I Are there unprovable theorems with unprovable unprovability?

[zinq]

yossell wrote: "But there is a question about such 'infinite' verifications. We can't complete an infinite process and so there's a question whether we can talk about verification here.

"For instance, would you argue that the continuum hypothesis is either true or false because you can just run through all the 1-1 functions between the set of well orderings and the powerset of the natural numbers and at the end of this hypothetical verification it would be known whether they had the same cardinality. Sure, it's a bigger cardinality to run through -- but is there any principled reason for allowing that we can imagine an infinite verification for one and not the other?"

I'm a mathematician who believes in infinite sets and doesn't worry about the fact that a human being cannot complete an infinite process in the real world. Your mileage may vary.

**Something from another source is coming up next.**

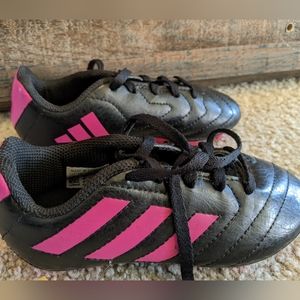 ADIDAS girl soccer cleats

I came up with the idea of verifying (or not) the Continuum Hypothesis (CH) almost exactly in the way you are describing about 50 years ago, and I absolutely would argue that CH is necessarily either really true or really false for that reason. Independent of our ability to ever prove it.

I have found that many mathematicians accept the idea of a countably infinite verification for, say, TPC, but will not accept one of larger cardinality, such as for CH — exactly the two examples that I usually use when discussing this subject.

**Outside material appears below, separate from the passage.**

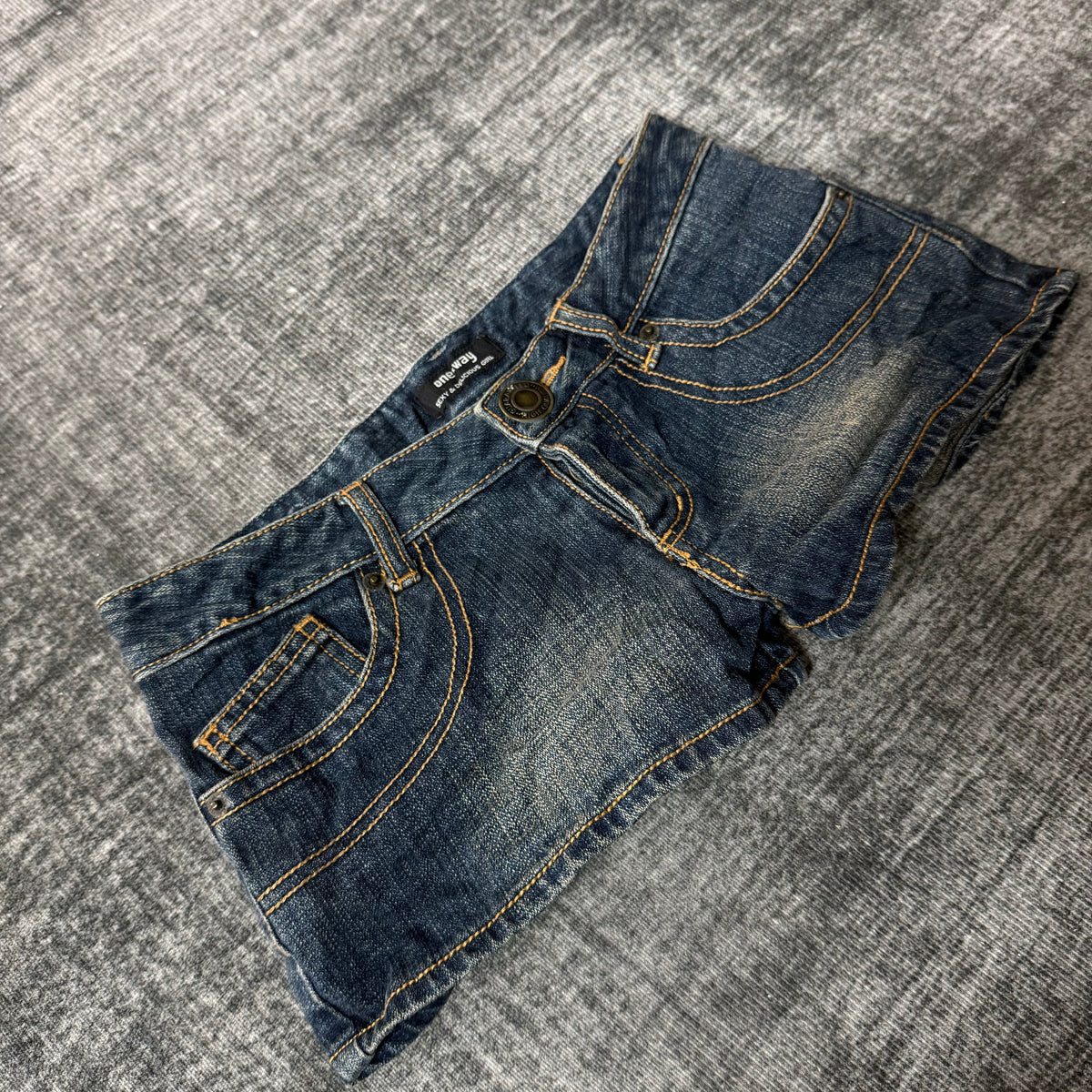 470926BAD2WEAR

So to answer your last question, I do not see any principled reason to accept a countably infinite verification but to reject one of higher cardinality.

 

[Stephen Tashi]

$\textbf{Proof of the existence of a proof of the unprovability of unprovable statements.}$

That statement needs logical quantifiers. Do you asserting the nonexistence of any proof for the unprovability of at least one unprovable statement? Or are you asserting the nonexistence of any proof for any unprovable statement I wish to choose?

Let $P$ be an arbitrary proposition and $S$ a formal system.

So you are dealing with any $P$ that I wish to choose.

You may as well say "Let $P$ be an arbitrary unprovable proposition in $S$" since that is the only case relevant to what you intend to prove.

$Definition$: A statement is $provable$ in $S$ if there is a proof (in $S$) for whether it is true or false.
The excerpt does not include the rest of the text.